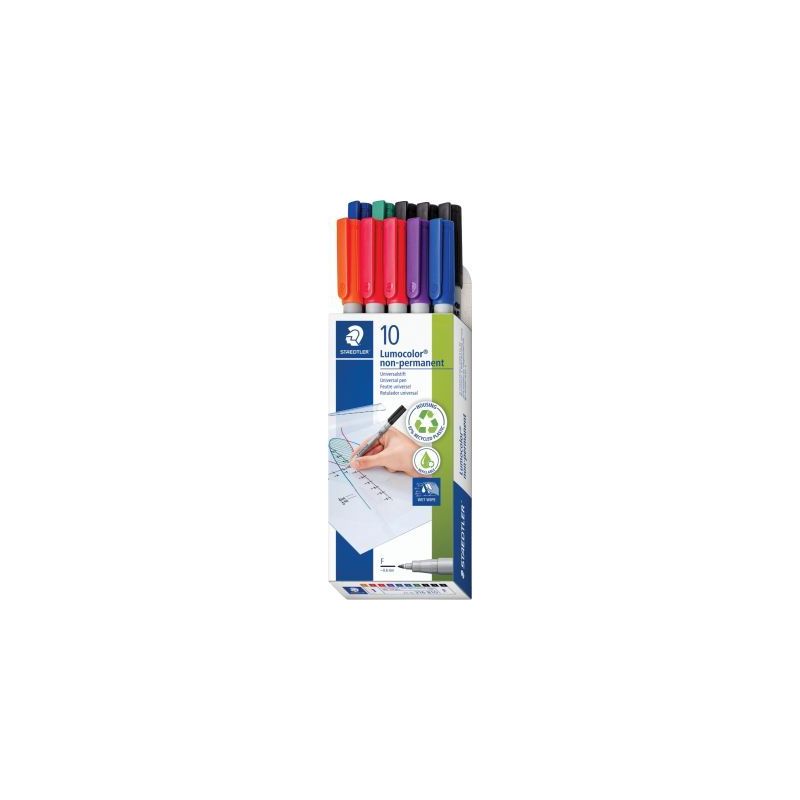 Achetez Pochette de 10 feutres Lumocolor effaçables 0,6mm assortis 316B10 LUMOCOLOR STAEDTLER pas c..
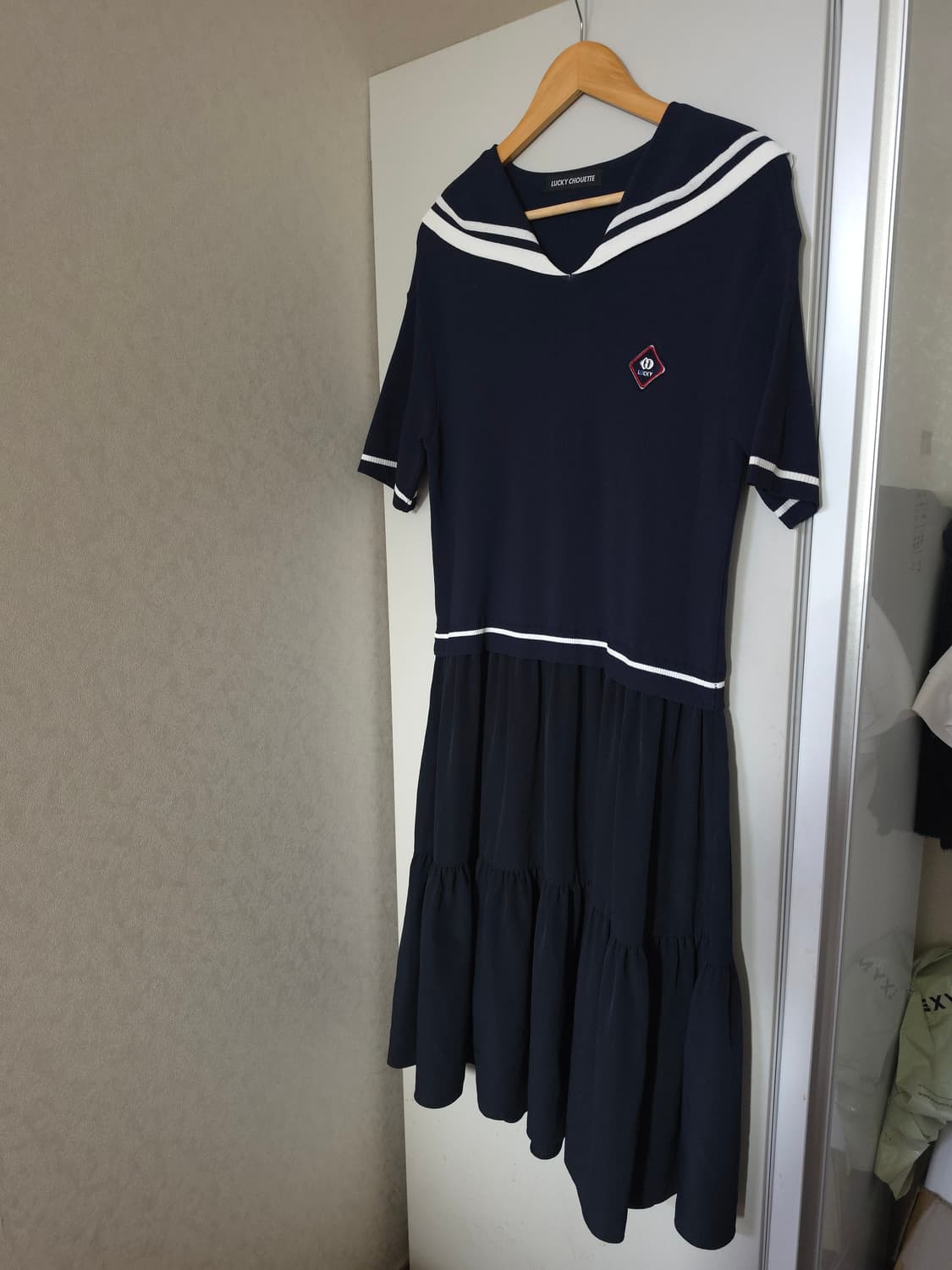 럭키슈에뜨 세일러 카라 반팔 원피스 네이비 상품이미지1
==
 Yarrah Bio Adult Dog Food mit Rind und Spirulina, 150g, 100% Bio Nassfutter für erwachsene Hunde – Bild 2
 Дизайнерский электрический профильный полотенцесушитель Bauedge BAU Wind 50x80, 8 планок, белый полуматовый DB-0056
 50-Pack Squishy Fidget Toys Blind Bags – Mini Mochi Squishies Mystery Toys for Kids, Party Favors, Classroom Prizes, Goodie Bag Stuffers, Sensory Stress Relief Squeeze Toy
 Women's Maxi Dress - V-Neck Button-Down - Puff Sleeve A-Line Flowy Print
* * *
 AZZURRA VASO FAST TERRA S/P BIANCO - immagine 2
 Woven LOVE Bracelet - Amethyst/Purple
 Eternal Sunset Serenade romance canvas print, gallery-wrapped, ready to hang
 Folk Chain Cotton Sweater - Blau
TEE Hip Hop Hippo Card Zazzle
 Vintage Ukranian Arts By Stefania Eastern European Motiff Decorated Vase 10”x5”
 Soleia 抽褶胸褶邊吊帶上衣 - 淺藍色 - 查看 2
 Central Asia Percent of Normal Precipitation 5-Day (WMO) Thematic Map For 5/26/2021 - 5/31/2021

#### DIRECTIONS:
Look above for the line with "Дизайнерский электрический профильный" and the line with "50-Pack Squishy Fidget". Write out those two lines and all the lines between them, exactly, and no others.

#### SOLUTION:
 Дизайнерский электрический профильный полотенцесушитель Bauedge BAU Wind 50x80, 8 планок, белый полуматовый DB-0056
 50-Pack Squishy Fidget Toys Blind Bags – Mini Mochi Squishies Mystery Toys for Kids, Party Favors, Classroom Prizes, Goodie Bag Stuffers, Sensory Stress Relief Squeeze Toy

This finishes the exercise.